Le avrei gettato le braccia al collo.

– Sì, Giacometta, ve ne prego!.. Parlate… Parlate subito!..

Che cosa avrebbe detto?.. Che cosa avrebbe detto mai?..

– Ebbene… il signor Franzi è venuto a chiedere la mia mano!..

Il primo impulso, il più forte, fu quello di gridare ai vecchi musi:

 

– No, non è vero!.. Non è vero!..

Ma tacqui, allibito, aspettando che l'inevitabile burrasca mi investisse.

Invece seguì un silenzio in cui i due cacciatori mi osservarono ancora; poi lo zio Pertica chiese tranquillamente a Giacometta:

– E tu che ne pensi?

– Io sono contenta!

– Ma sai chi è questo signore?

– È un giovine povero; ma è un grande poeta! – rispose imperturbata la mia Sibilla.

Allora i due anziani si guardarono nel fondo degli occhi e l'uno fece all'altro, ad un dipresso, il ragionamento che segue:

– Già!.. Che ne pensate, Antonio?.. Dopo tutto noi non ci entriamo e non dobbiamo entrarci. Ma, – dice – il mondo non fa così… È vero, è vero, è vero!.. Lo sappiamo… lo sappiamo!.. Ma noi facciamo così, noi Tomaso Maldi e Antonio Maldi!.. Dice: – Un poeta!.. A chi la danno quella povera figliuola, a chi la danno!.. – Adagio, rispondiamo noi. In primo luogo noi non diamo Giacometta a nessuno, non vi pare, Antonio?.. È lei che si dà! Poi un poeta è un uomo rispettabile come un altro. Che ne pensate, Antonio?.. Siamo stati poeti anche noi, ai nostri bei tempi! Se Giacometta ama questo signore e se questo signore ama Giacometta, la nostra coscienza è tranquilla. Noi non dobbiamo guardare un millimetro più in là. Noi non dobbiamo investirci della parte di una giovinetta. Così quando Giacometta ci presenta il suo uomo, a noi non resta che mettere la firma sotto la sua decisione. Che ne dite, Antonio?.. E noi mettiamo la firma!
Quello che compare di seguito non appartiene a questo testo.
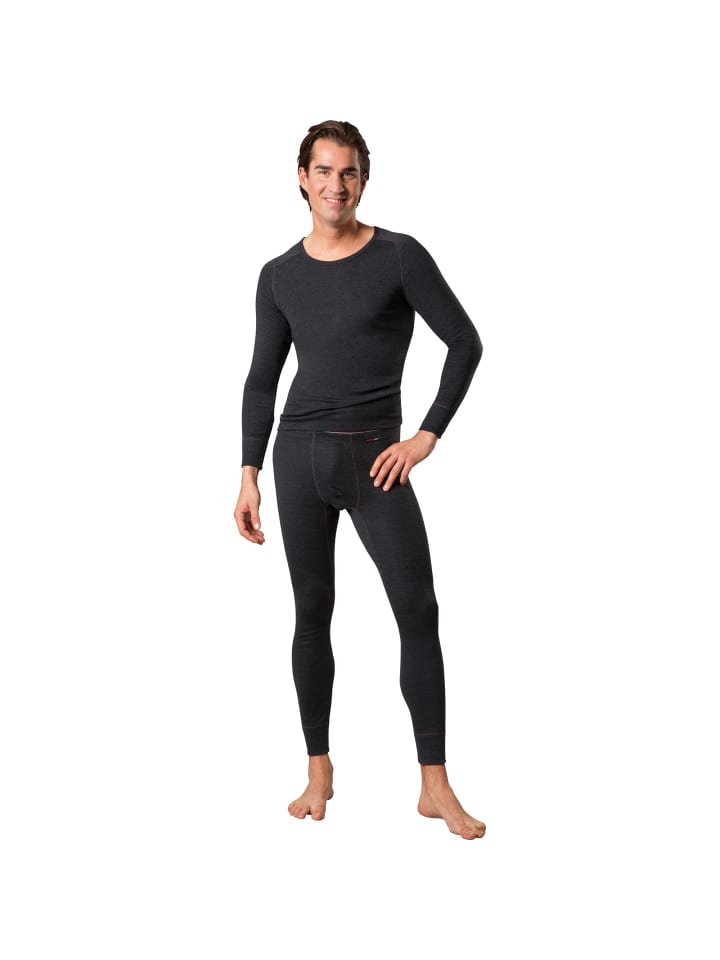 Con-ta Thermo, Baumwolle, Feinripp Thermo-Unterhose, lang in schwarz günstig kaufen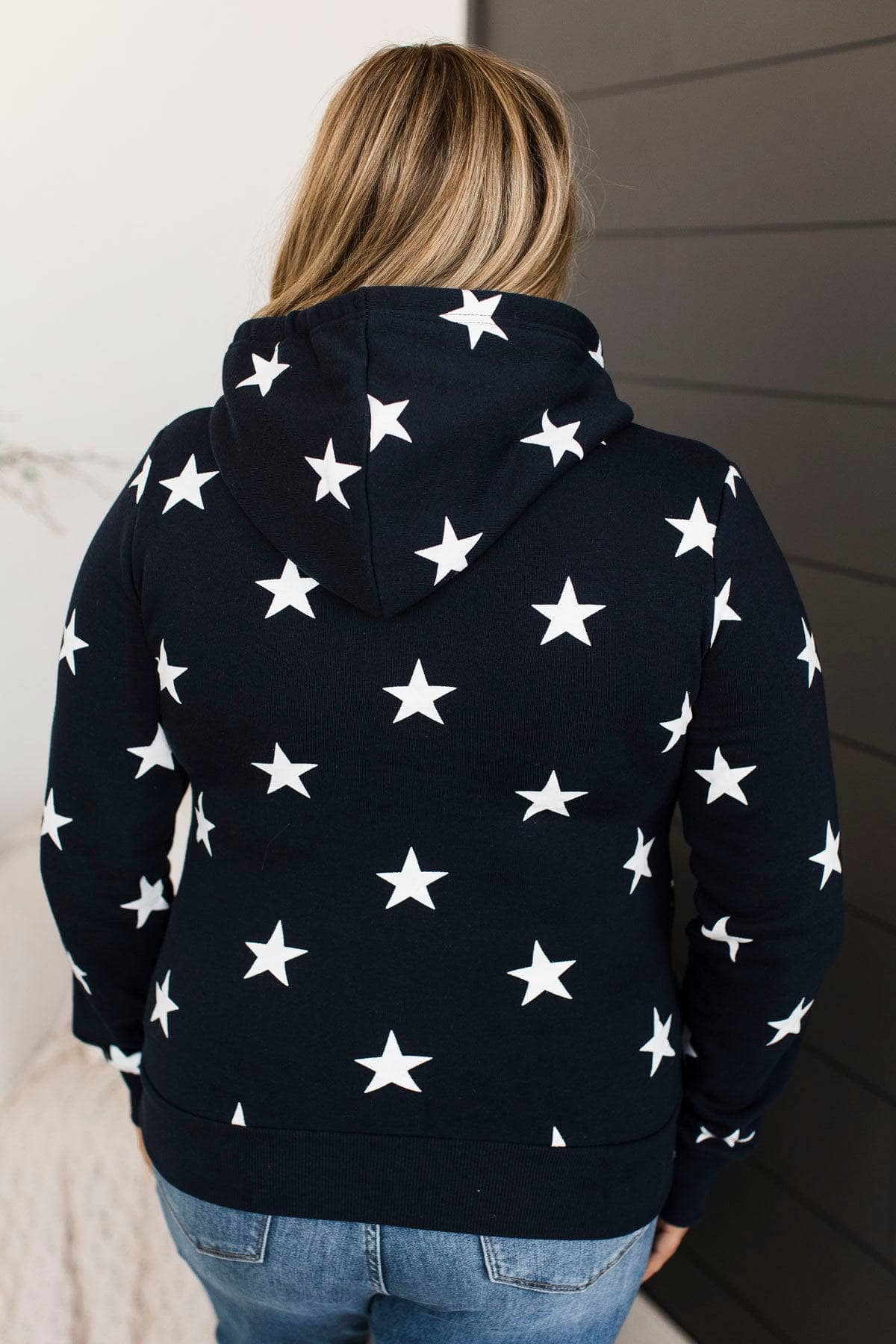 Be A Star Drawstring Hoodie- Deep Navy - Image 7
– Sicuro!.. E noi mettiamo la firma – soggiunse il piccolo zio. – Dopo tutto si tratta di logica.

– È quello che ho sempre detto io – fece lo zio Pertica. Poi, senza più occuparsi di noi, alzò fino agli occhi la gabbia che teneva sospesa al dito anulare della mano destra, guardò amorosamente il suo merlo o tordo che fosse, e disse al fratello:

– Antonio, questo sarà un richiamo monumentale. Ha la voce di Caruso.

E si avviarono, rifacendo il verso agli uccelli, verso le ombre e le tese insidie del loro uccellatoio.